Globalement, le FNC a puisé de belles œuvres dans les palmarès des festivals étrangers à la plus grande renommée : le Tom à la ferme de Xavier Dolan, primé à Venise, tendu comme il faut, n’a pas déçu, le Mouton (-choc) de Gilles Deroo et Marianne Pistone, auréolé de deux Prix à Locarno, a divisé les festivaliers, le Heli d’Amat Escalante, palmé à Cannes, a imprimé sur les rétines sa noirceur et son climat vénéneux. D’autres grands noms ont, quant à eux, déçus : le Devil’s Knot du canadien Atom Egoyan s’est révélé trop fade, artistiquement peu stimulant et pertinent, et le Tip Top de Serge Bozon n’a pas convaincu avec son tempo à contre-temps et un socio-loufoque trop poussif. Du côté des films confidentiels, l’ambiance dans l’air était à l’amour-haine : un grand oui pour le québécois Diego Star de Frédérick Pelletier, un immense non au Miss Violence du grec Alexandros Avranas. Pouce levé pour le All is lost maritime de J.C Chandor, drapeau en berne pour l’irritant et franchouillard La Bataille de Solferino de Justine Triet.

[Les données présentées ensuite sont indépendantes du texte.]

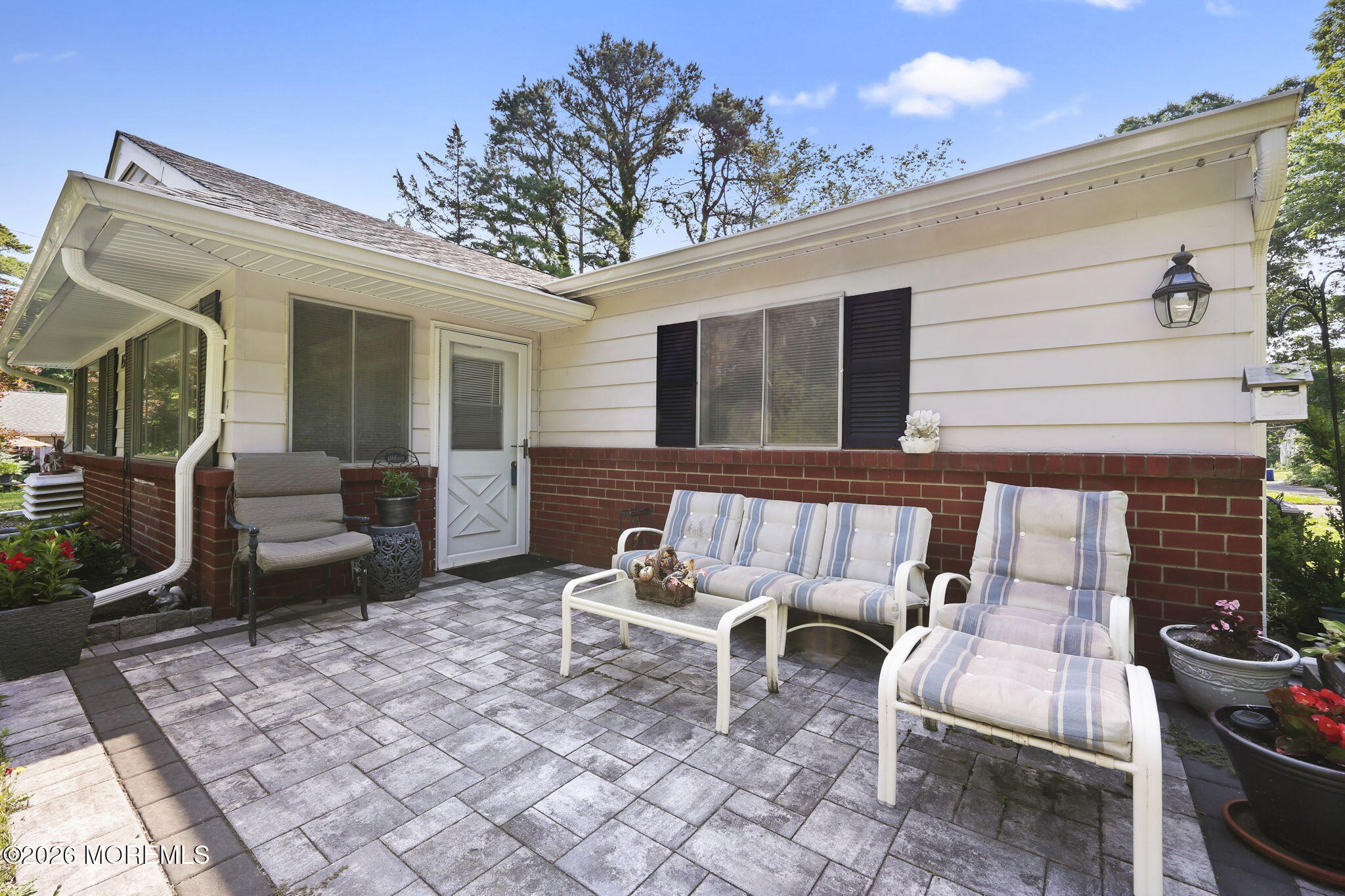 15 A Swan Street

Un mot sur la section Temps 0, qui à ses belles heures tend vers le meilleur de Fantasia : l’absurde a côtoyé le giallo, le giallo a côtoyé le zombie, le zombie a côtoyé le porno. Des croisements malades, déments et démentiels – mash-up de lames de rasoir, d’électro et de râles de plaisir mixé pour l’occasion par Julien Fonfrède. Etrangement, les instants de cinéma les plus marquants du FNC auront d’ailleurs jailli en musique : on a respectivement ouvert, chez Dolan et Avranas, sur une interprétation a capella des Moulins de mon cœur et sur Dance me to the end of Love de Leonard Cohen, on écoute de douces mélodies salvatrices au cœur de l’âpreté ambiante dans Ilo Ilo (Chen) ou Heli, on murmure du Brel en Gare du Nord (Simon), on chantonne du Presley en plein Arkansas (Egoyan). Opéra pour Jodo, tango pour Tom, symphonie des vagues et du vent pour Redford – pour nous, une valse des sens, et, indéniablement, une danse. Une danse de la réalité. Logique, encore une fois.